§ **What you are asked to do**
Once you reach the line containing "Knitwear Bat Sleeve" in the entries below, write out that line and each one after it down to the line containing "GARIOUANS 100 Stück", exactly and with nothing added.

§ **Exercise data**

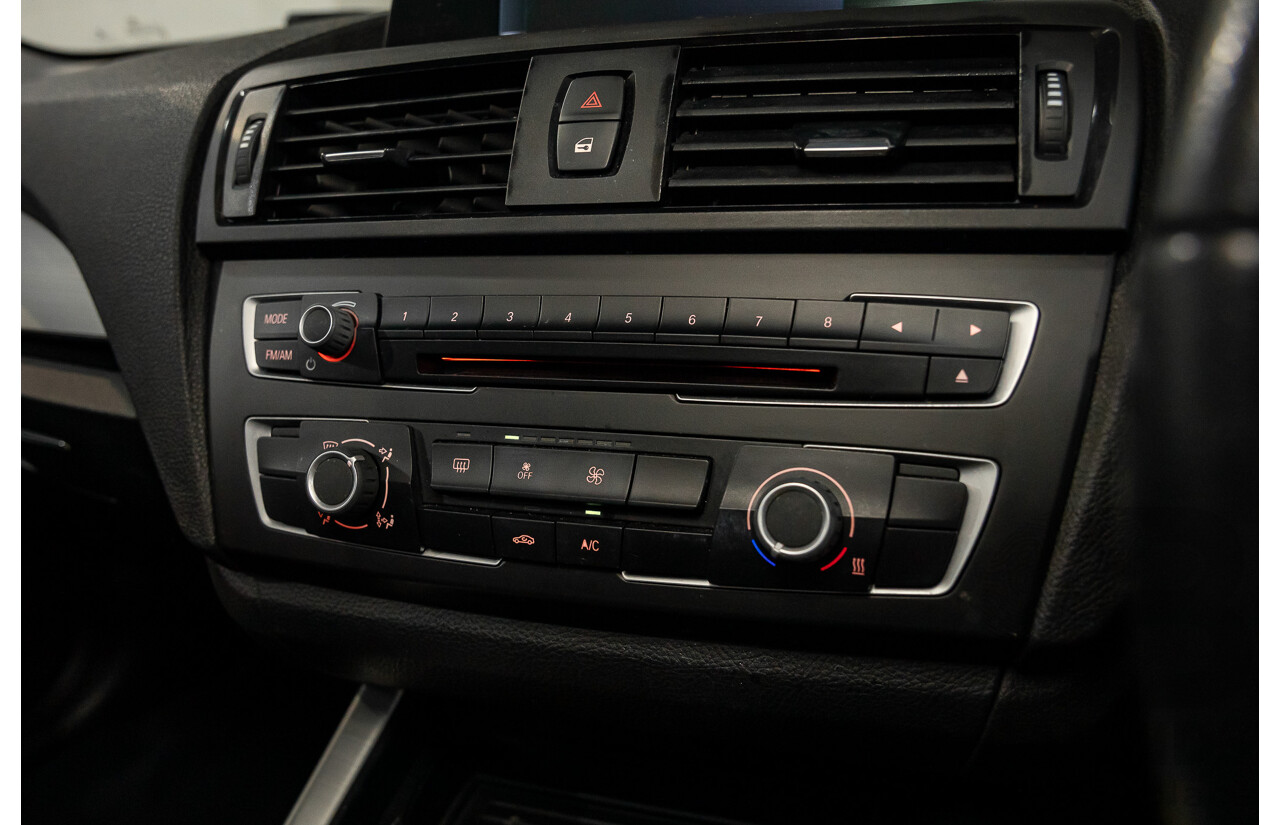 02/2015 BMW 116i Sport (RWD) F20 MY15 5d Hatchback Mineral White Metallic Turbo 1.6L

* * *

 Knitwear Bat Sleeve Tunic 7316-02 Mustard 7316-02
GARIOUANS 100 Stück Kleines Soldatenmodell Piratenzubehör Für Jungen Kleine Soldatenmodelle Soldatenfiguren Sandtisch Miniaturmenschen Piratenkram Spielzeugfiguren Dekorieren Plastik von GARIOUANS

§ **Response for this exercise**
 Knitwear Bat Sleeve Tunic 7316-02 Mustard 7316-02
GARIOUANS 100 Stück Kleines Soldatenmodell Piratenzubehör Für Jungen Kleine Soldatenmodelle Soldatenfiguren Sandtisch Miniaturmenschen Piratenkram Spielzeugfiguren Dekorieren Plastik von GARIOUANS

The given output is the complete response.